Records from a collection:
================
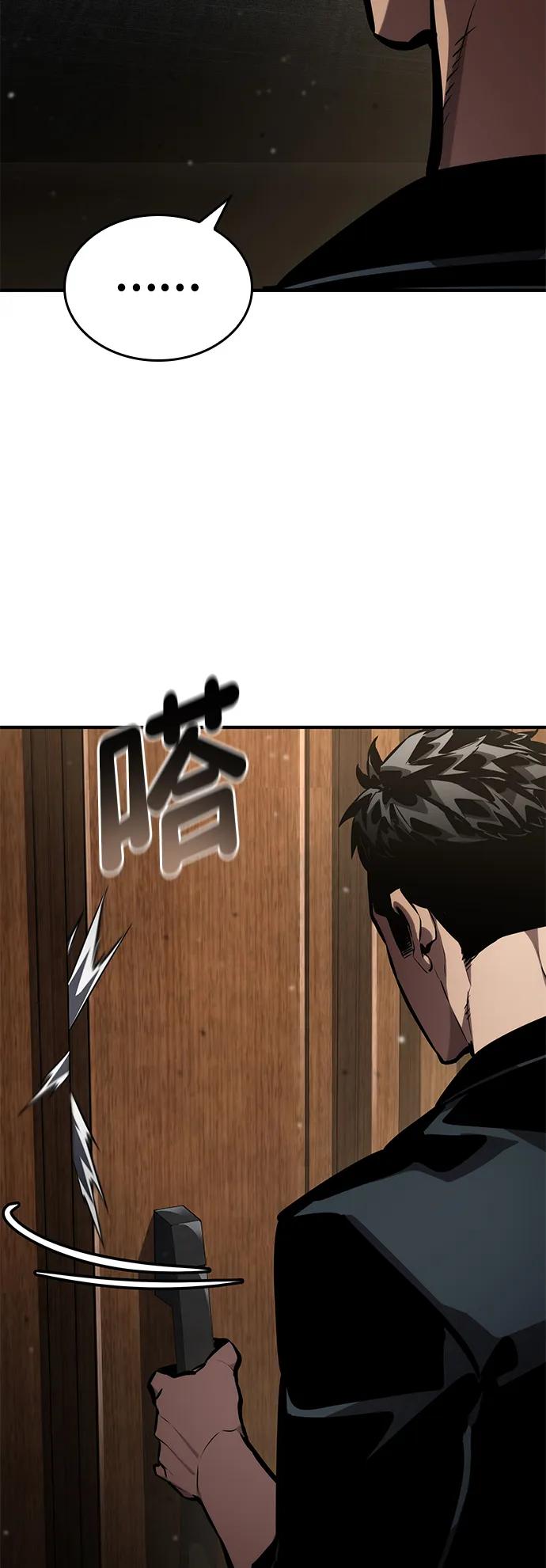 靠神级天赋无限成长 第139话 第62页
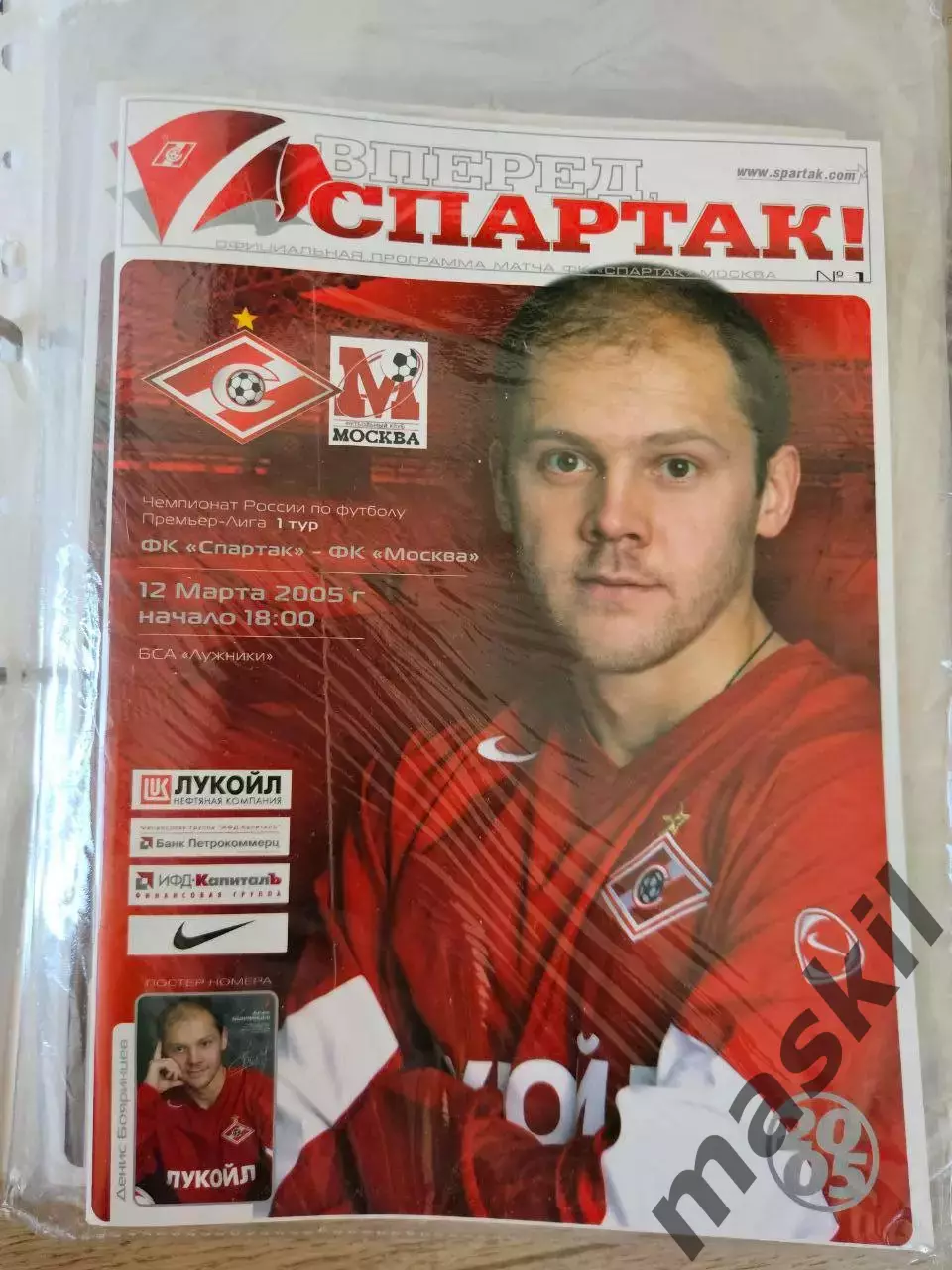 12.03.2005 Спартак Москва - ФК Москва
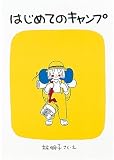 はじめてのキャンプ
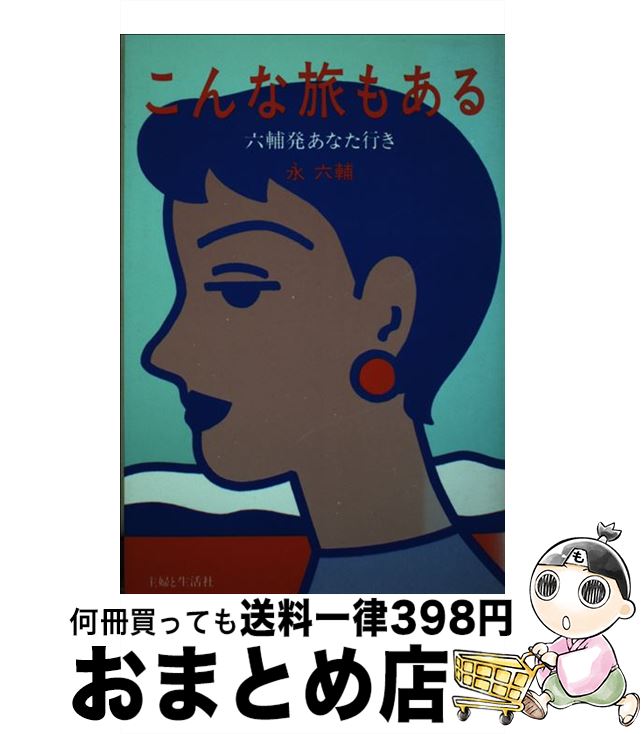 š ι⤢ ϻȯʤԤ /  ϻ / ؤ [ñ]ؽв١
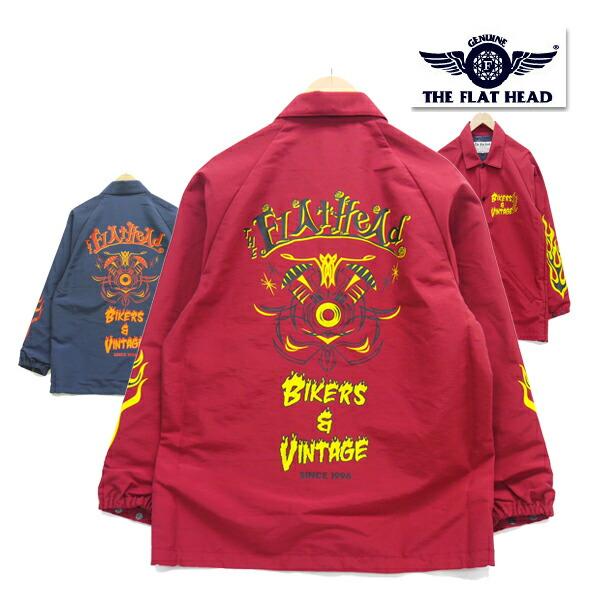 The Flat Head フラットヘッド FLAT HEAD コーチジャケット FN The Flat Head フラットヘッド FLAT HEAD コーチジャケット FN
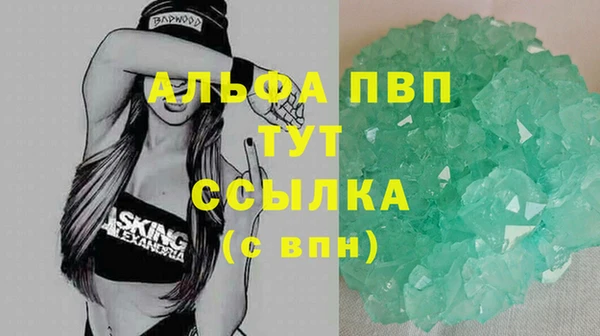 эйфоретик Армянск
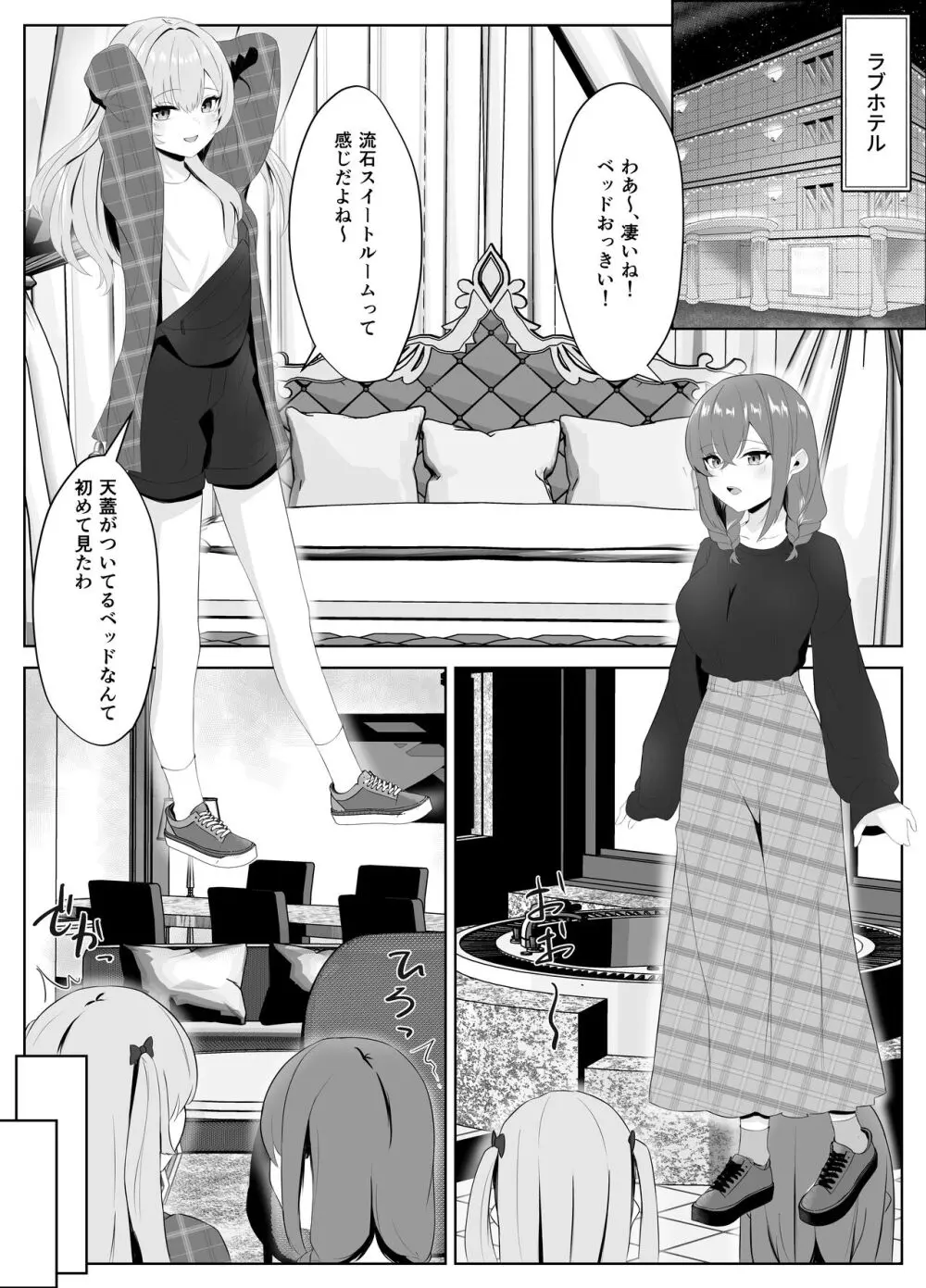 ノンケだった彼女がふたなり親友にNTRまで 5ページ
================
WHAT THE EXERCISE ASKS:
Repeat exactly the lines from the one containing "š ι⤢ ϻȯʤԤ /" to the last line of the data above, both included, and write no pictures into the copy.

WRITTEN SOLUTION:
 š ι⤢ ϻȯʤԤ /  ϻ / ؤ [ñ]ؽв١
 The Flat Head フラットヘッド FLAT HEAD コーチジャケット FN The Flat Head フラットヘッド FLAT HEAD コーチジャケット FN
 эйфоретик Армянск
 ノンケだった彼女がふたなり親友にNTRまで 5ページ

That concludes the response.